1
$\begingroup$

My friend asks me about this problem.

$f$ is differentiable on $(a,b)$, for $c\in (a,b)$, exists a sequence $x_n\to c$ and \lim f'(x_n)=f'(c), how to show that f' doesn't have to be continuous at $c$?

I know 'there exists' such a sequence does not guarantee that it's true for any sequence converging to $c$, but I can't think of a counterexample. Can anybody prove it or find a counterexample? This problem is kinda interesting and I want to know the answer:) Thanks!!!

  • 1
    Trivial counterexample : take $f$ such that $f'$ is not continuous at $0$ and take $x_n=0$.2011-11-17

1 Answers 1

7

Here's a "hand waving" proof that an example exists:

Take $f(x)=\cases{x^2\sin (\textstyle{1\over x}), &x\ne 0\cr 0, &x=0}$

The graph of this function is

enter image description here

$f$ is differentiable for all $x\ne0$. In fact, for $x\ne0$: $ f'(x) = 2x\sin (\textstyle{1\over x})- \cos(\textstyle{1\over x}). $

One can show $f'(0)$ exists and is equal to $0$.

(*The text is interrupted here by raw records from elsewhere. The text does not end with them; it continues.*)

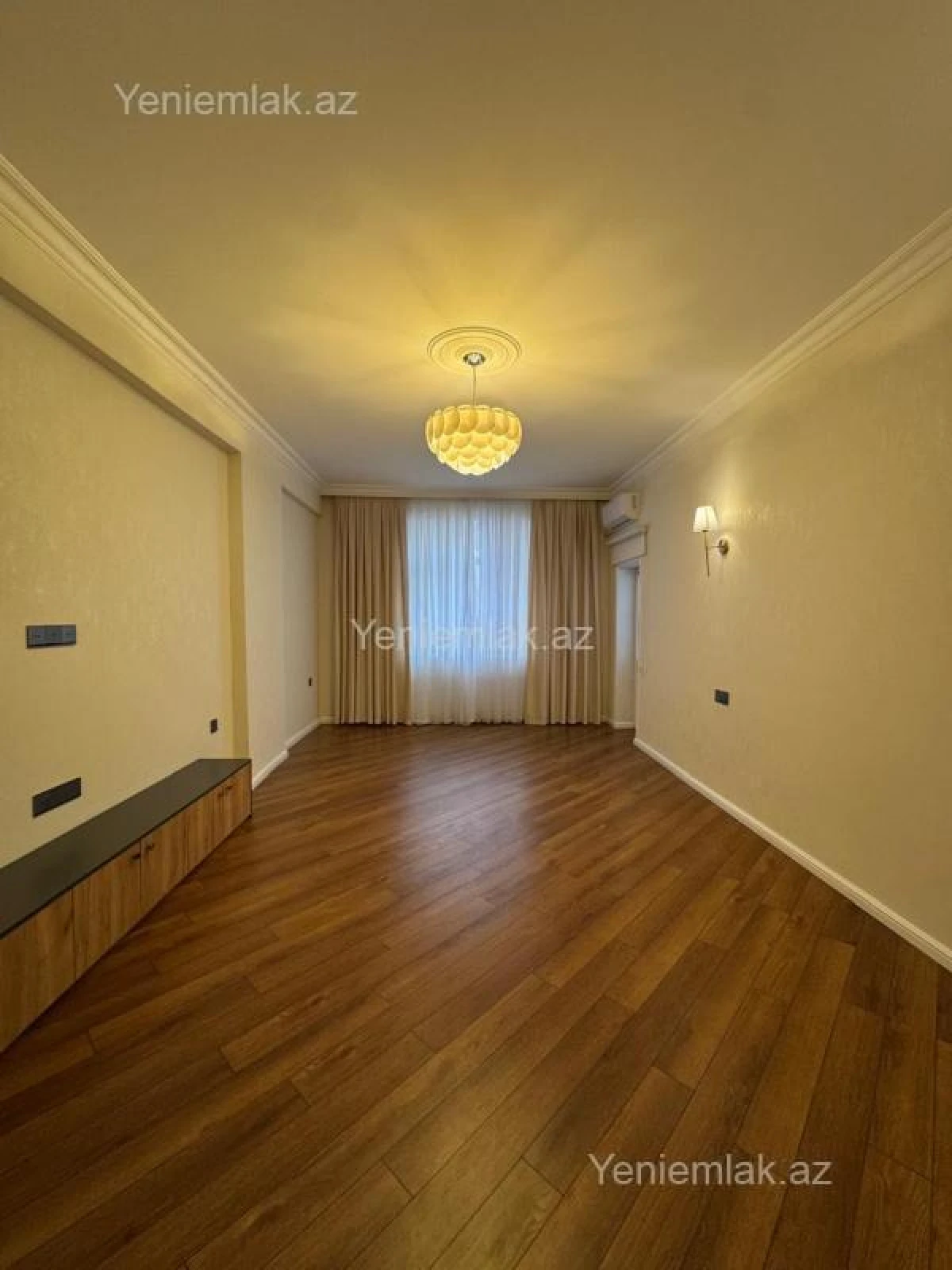 Satılır 3 otaqlı yeni tikili 105 m²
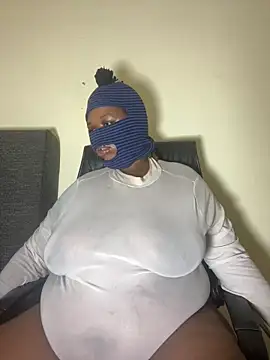NaughtyGirl0000 online show from 27, 5, 2026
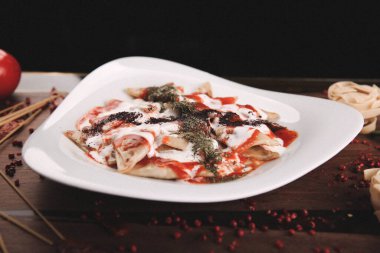 Lezzetli soslu lezzetli klasik İtalyan makarnası..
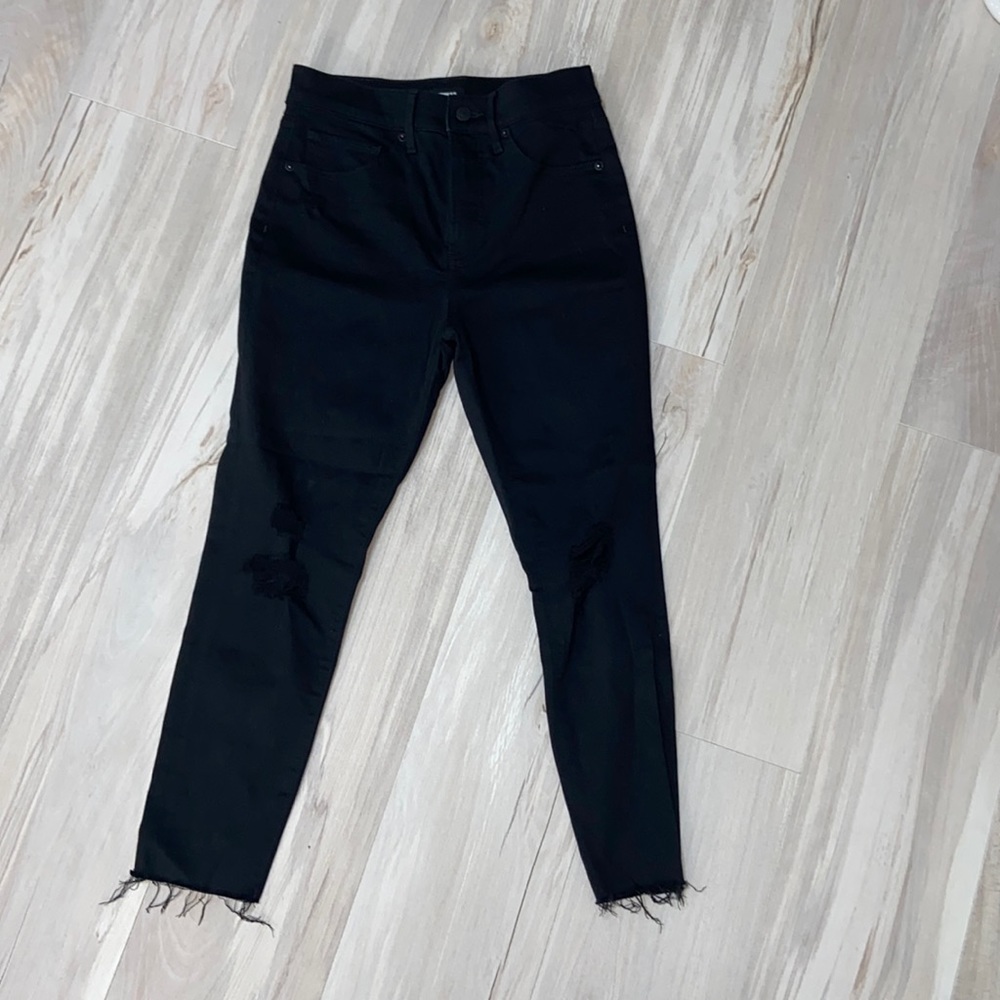 High waist Capri style black jeans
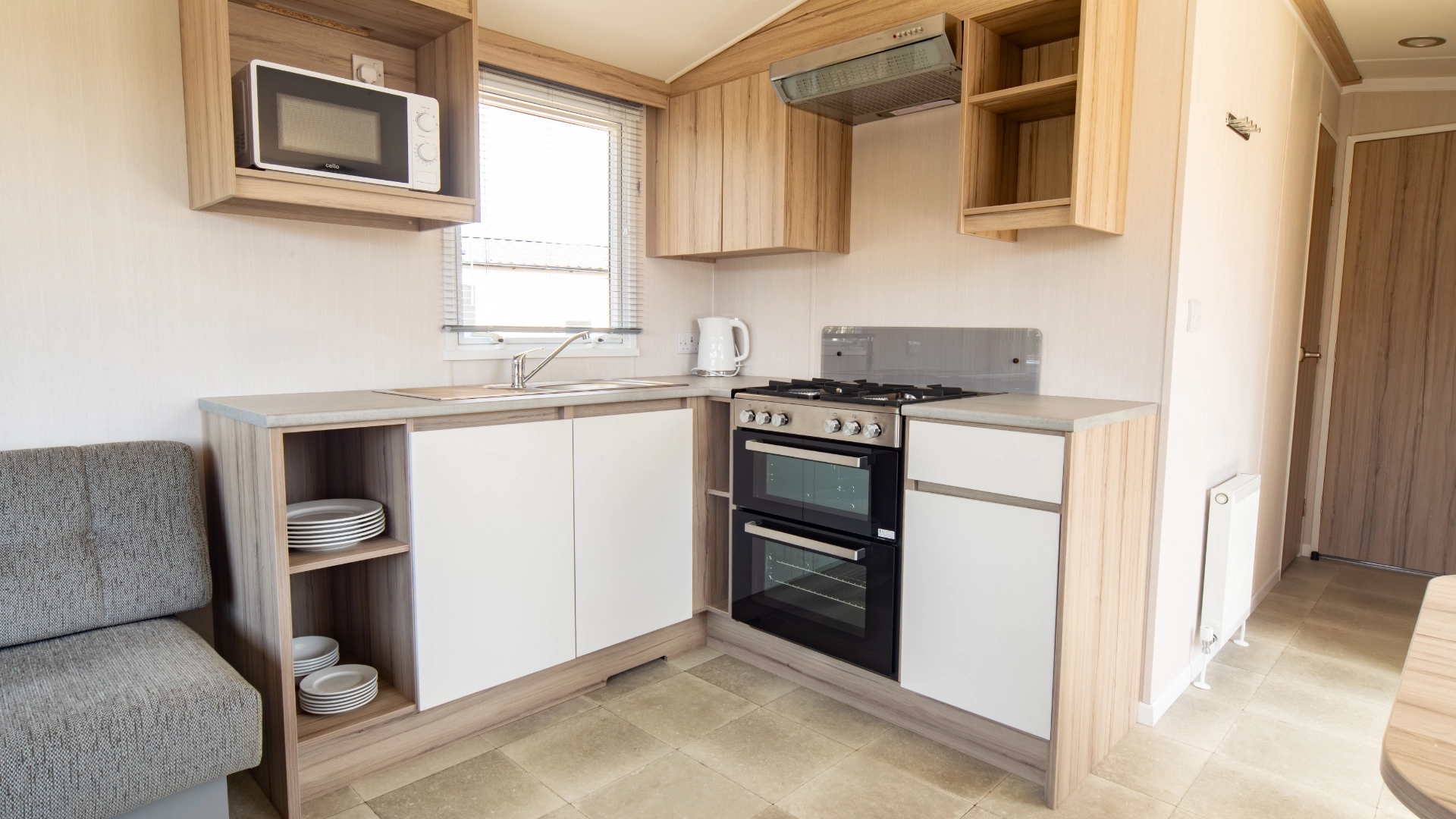 web-accommodation-classic-royan-holiday-home-kitchen-oven-work-surface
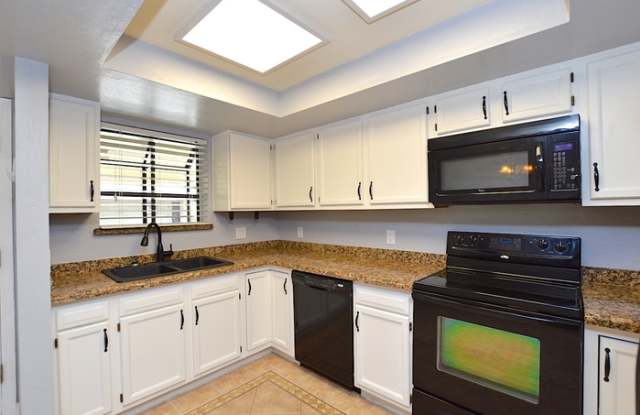1500 North Sunview Parkway Gallery 4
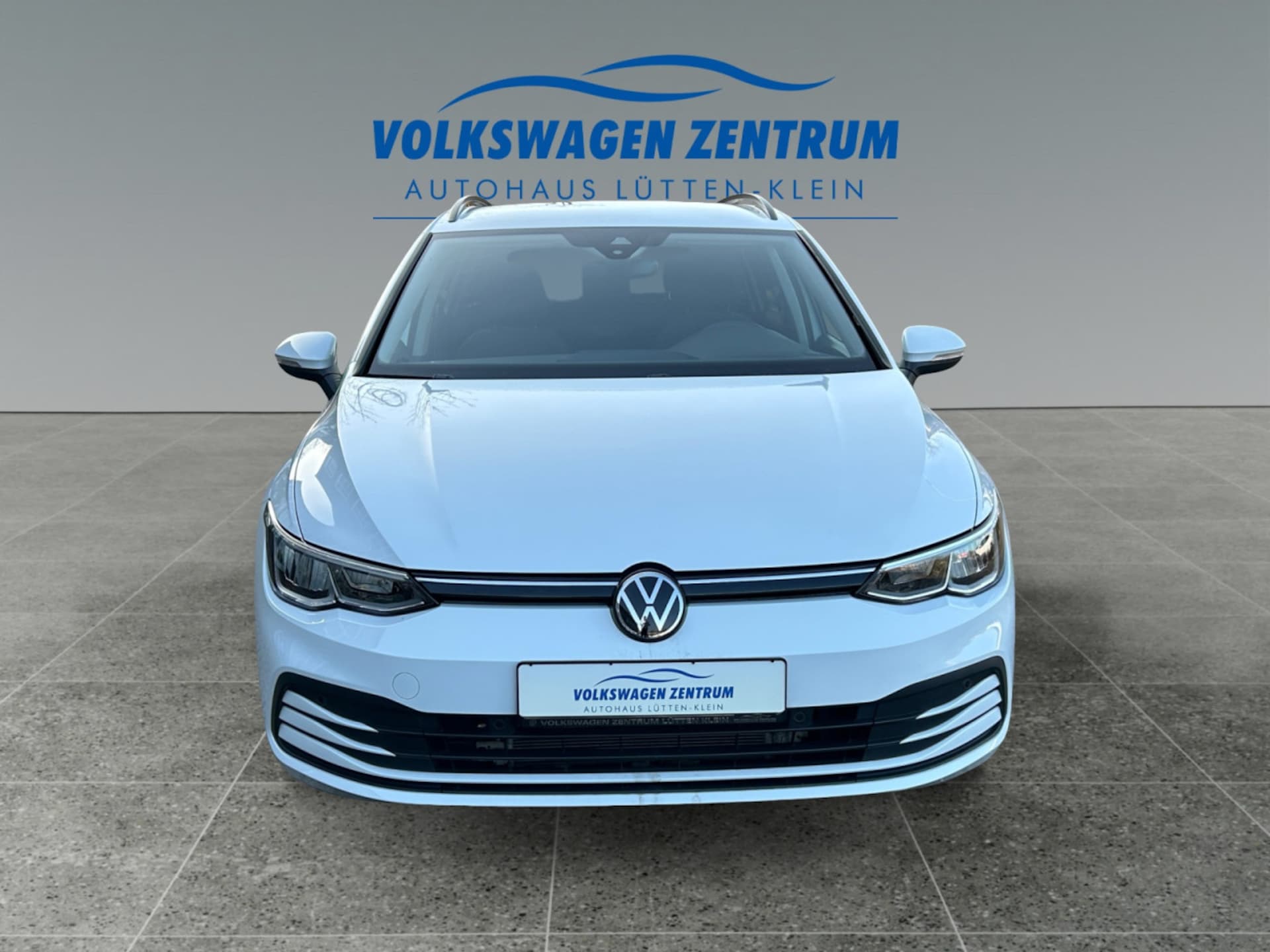 Volkswagen Golf Variant Life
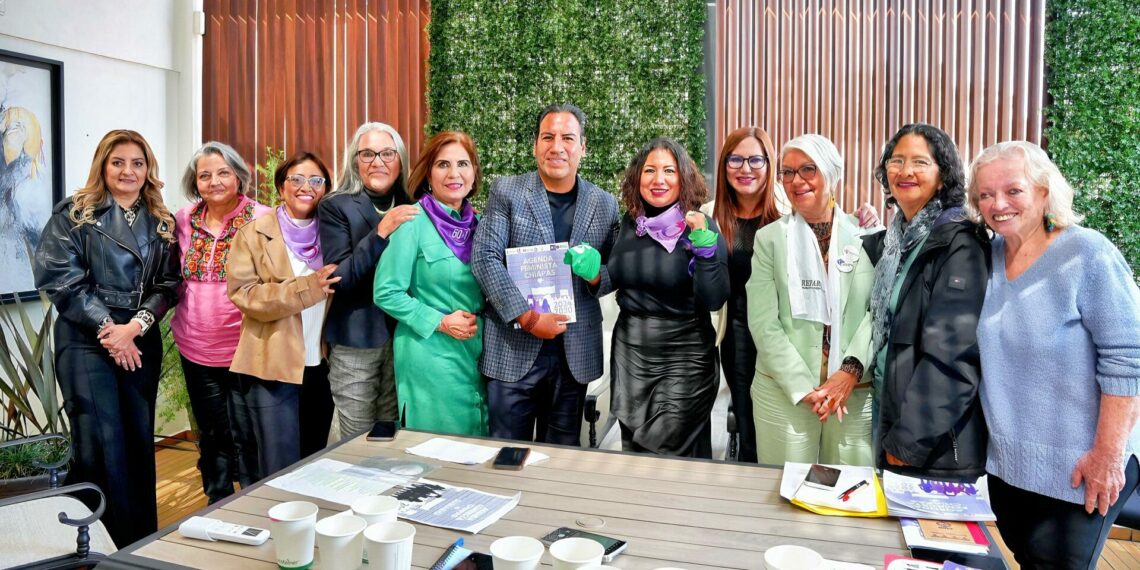 Eduardo Ramírez se reúne con las representantes de la agenda feminista en Chiapas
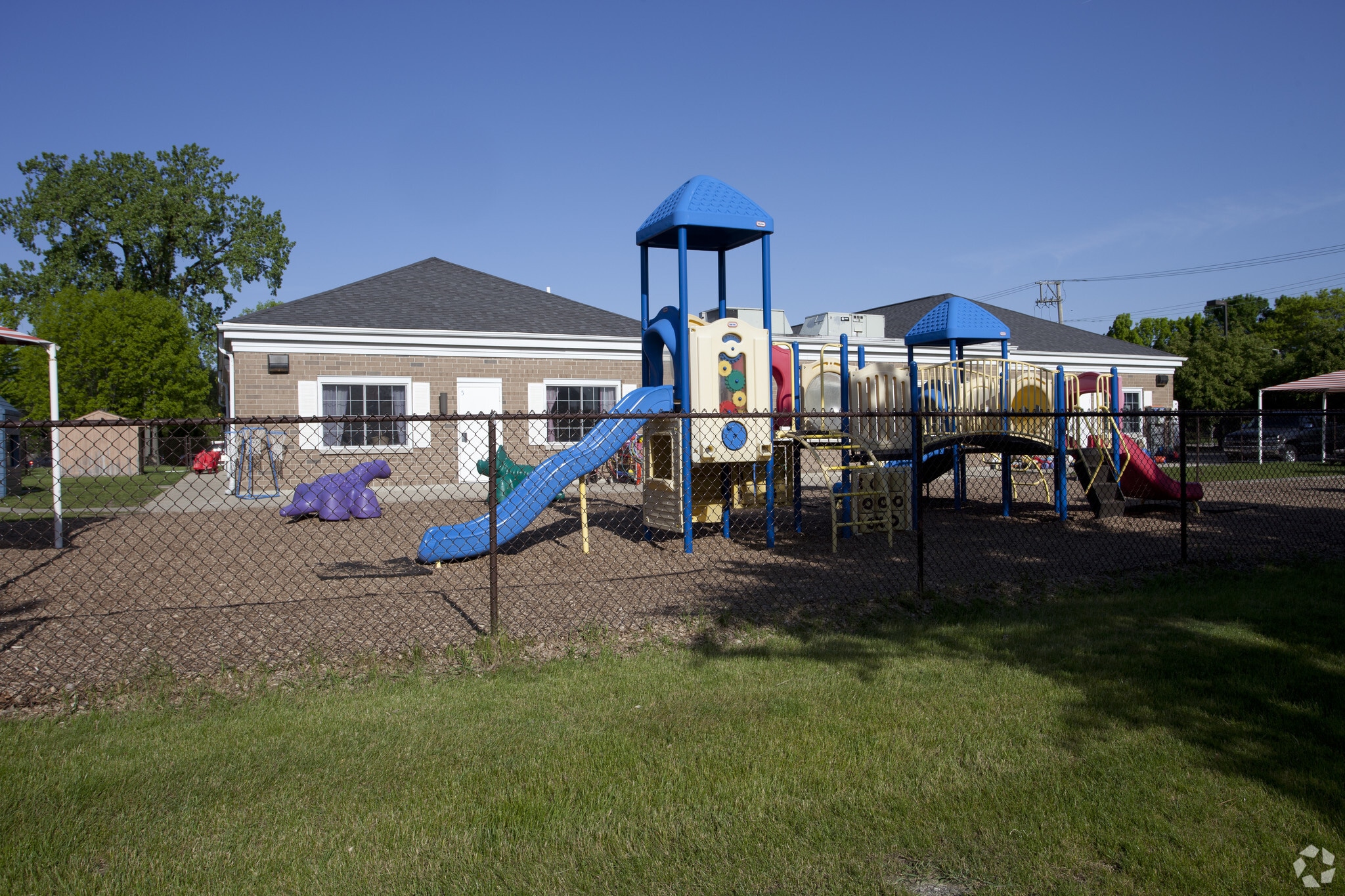 651 W Deerfield Pky Buffalo Grove, IL 60089 Retail Property for Lease on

Indeed, for $x\ne0$: $ \eqalign{ {f(x)-f(0)\over x-0} = x\sin(\textstyle{1\over x})\ \buildrel{x\rightarrow 0}\over \longrightarrow\ 0. } $

Also, one can find a sequence $x_n\searrow 0$ for which $f'(x_n)=0$ for each $n$ (look at the horizontal tangents of the graph). But $f'$ is not continuous at zero since it takes values of both 0 and $a$ in every neighborhood of $0$ for some $a>0$ (to see this, look at the formula for $f'(x)$ above and consider: $2x\sin(\textstyle{1\over x})$ becomes small for small $x$ and $-\cos(\textstyle{1\over x})$ takes the value 1 at some point of every nhood of $0$).